I've heard that JFK was a big fan of "The Guns of August", and made it
required reading in his cabinet.

As an aside, Tuchman is now recognized for the following reflection, which is
often paraphrased as Tuchman's Law: "Disaster is rarely as pervasive as it
seems from recorded accounts. The fact of being on the record makes it appear
continuous and ubiquitous whereas it is more likely to have been sporadic both
in time and place. Besides, persistence of the normal is usually greater than
the effect of the disturbance, as we know from our own times. After absorbing
the news of today, one expects to face a world consisting entirely of strikes,
crimes, power failures, broken water mains, stalled trains, school shutdowns,
muggers, drug addicts, neo-Nazis, and rapists. The fact is that one can come
home in the evening, on a lucky day, without having encountered more than one
or two of these phenomena."

Oh, BTW: On the topic of encryption, I can't believe the Russians were sending
unencrypted orders in WWI over wireless!

------
redthrowaway
This reminds me, I'm still reading _Cryptonomicon_. I find Stephenson's work
to be really hard to get into, then hard to put down once you do. Guess I'll
keep at it.

------
highzeth
<http://en.wikipedia.org/wiki/Operation_Mincemeat> should also be noted.
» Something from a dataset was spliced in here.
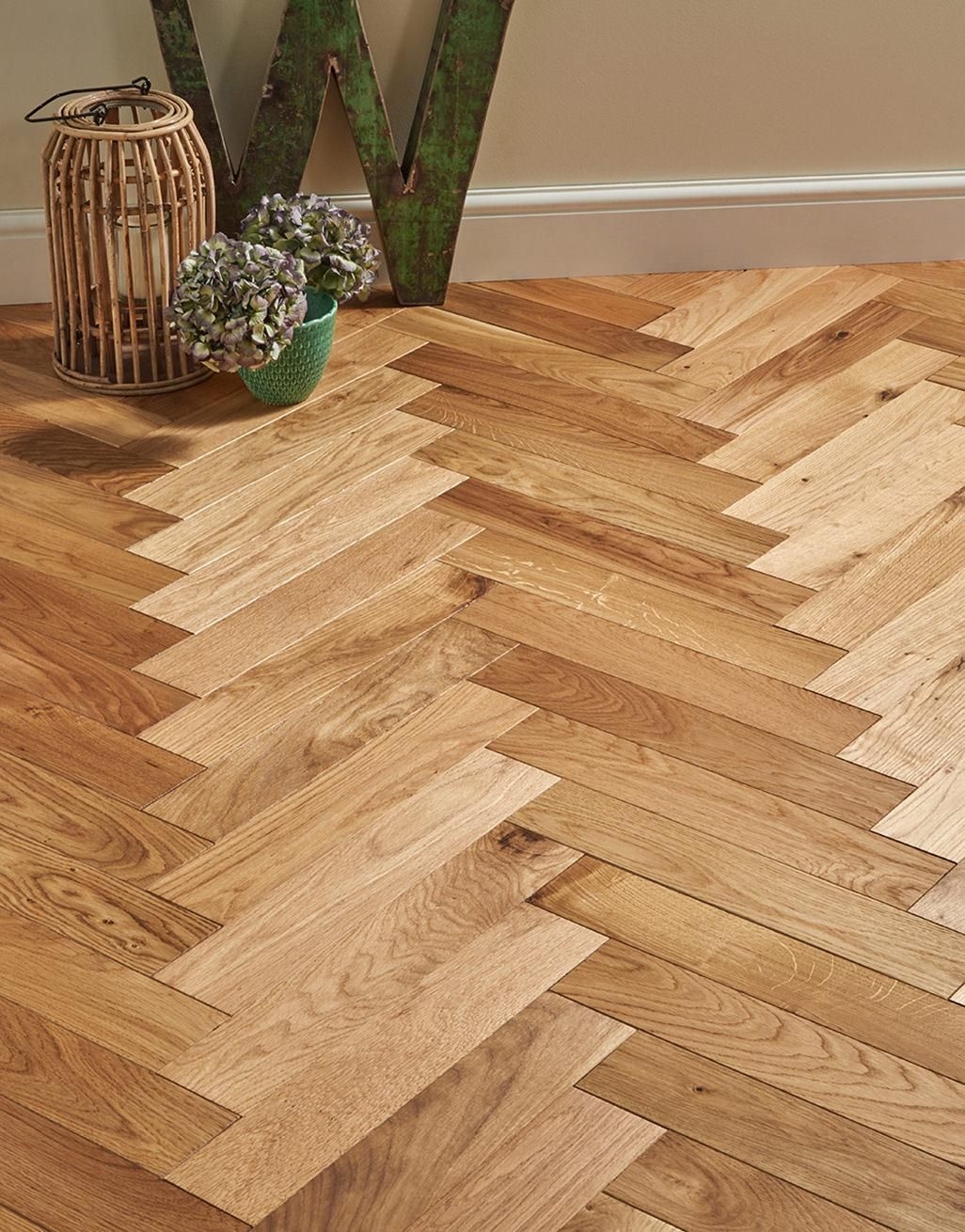 Trade Select Natural Oiled Herringbone Parquet Oak Solid Wood Flooring Direct Wood Flooring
Not
only an amazing story/execution, but its successful outcome did have;
[http://en.wikipedia.org/wiki/Operation_Mincemeat#Impact_on_l...](http://en.wikipedia.org/wiki/Operation_Mincemeat#Impact_on_later_operations)

Well worth reading the book by the same name.

------
michaelty
<http://en.wikipedia.org/wiki/Juan_Pujol>

Somebody needs to make a movie about this man.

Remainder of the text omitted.